To stay in the Crespo family home is to stay in a palace filled with love, laughter and artwork. When Rosana joined us after work, we did the only logical thing: went out for tapas. At a beautiful pub only a few steps away, we settled in at the bar for one of Andalucia’s best offerings: free tapas! As in Granada, each time you request a drink, a plate of food magically appears bearing the most delightful treats: pork loin, ham, seafood salad, and a brilliant grilled asparagus – who needs dinner when you can tapear for the price of a drink? This would be the beginning of a weekend full of “Toma, Kelly” in which I am fed a piece of everything that materializes on the table or at the bar. It’s not long until I collapse under a down comforter in a dreamy haze of wine and good food.

In the morning I am treated to a guided tour of town led by the Artificis group that included the Capilla, the Ayuntamiento, one of the local churches and an informative walk around the old city. Young boys careen around in sailor suits while their female counterparts walk far more carefully to avoid dirtying their miniature bridal gowns – the spectacle that is the First Communion in Catholicism. We encounter a wedding in the ayuntamiento and a crowd of poshly dressed attendants and I am once again floored by the amount of females wobbling across the cobblestones in stilettos. The tour ends at a newly discovered marvel with special significance to the Crespo family: La Sinagoga del Agua, tucked away just off the main street. To give this interesting location its due, I will make a separate post detailing the history of this discovery. 

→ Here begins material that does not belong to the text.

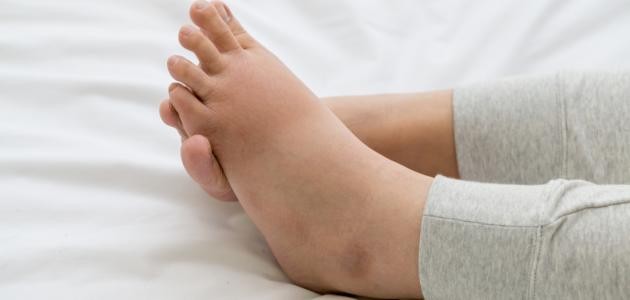 ما هي أسباب تورم القدم ما هي أسباب تورم القدم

At Ana’s store one can find thoughtful souvenirs and beautiful ceramic pieces from local workshops. The traditional glaze is a startling green: the color of rainforests, springtime and jealousy.  From behind the counter, the workers procure a bag of ochíos filled with pisto and I happily munch my way through this snack similar to an empañada. After a tapas stop in a neaby plaza we return to the house to feast on homemade seafood soup and roasted red peppers with fresh bread. Already the Spaniards are wondering “where does she put it all?” There is nothing more satisfying to a Spanish mother than a guest, and an American one at that, who will clear her plate. With an appetite like mine, this is an easy request to fill 🙂

We embark on a siestilla (younger cousin to the siesta) and wake up bound for the neighboring pueblo of Baeza. It’s important to note that both cities fall under the mantle of the prestigious “Patrimonio de la Humanidad” title bestowed on them by the government that inspires a friendly competition between the two. Baeza is half the size of Ubeda (population 15,000 vs 30,000) but no less beautiful. The alleyways around the cathedral conjure images of royalty and peasants making their way to worship (through separate doors of course). Winding through the streets, the sounds of fife and drum can be heard nearby. This is neither fanfare nor celebration but practice, for the rapidly approaching Semana Santa. We make a stop so I can purchase some typical food from the region: a bag of ochíos (crunchy breadsticks from Ubeda) and a box of virolos (puffy pastries from Baeza). Before nightfall I’m able to catch a glimpse of the valley although its mostly shrouded in clouds, and I am rewarded another view of the landscape I traveled through earlier.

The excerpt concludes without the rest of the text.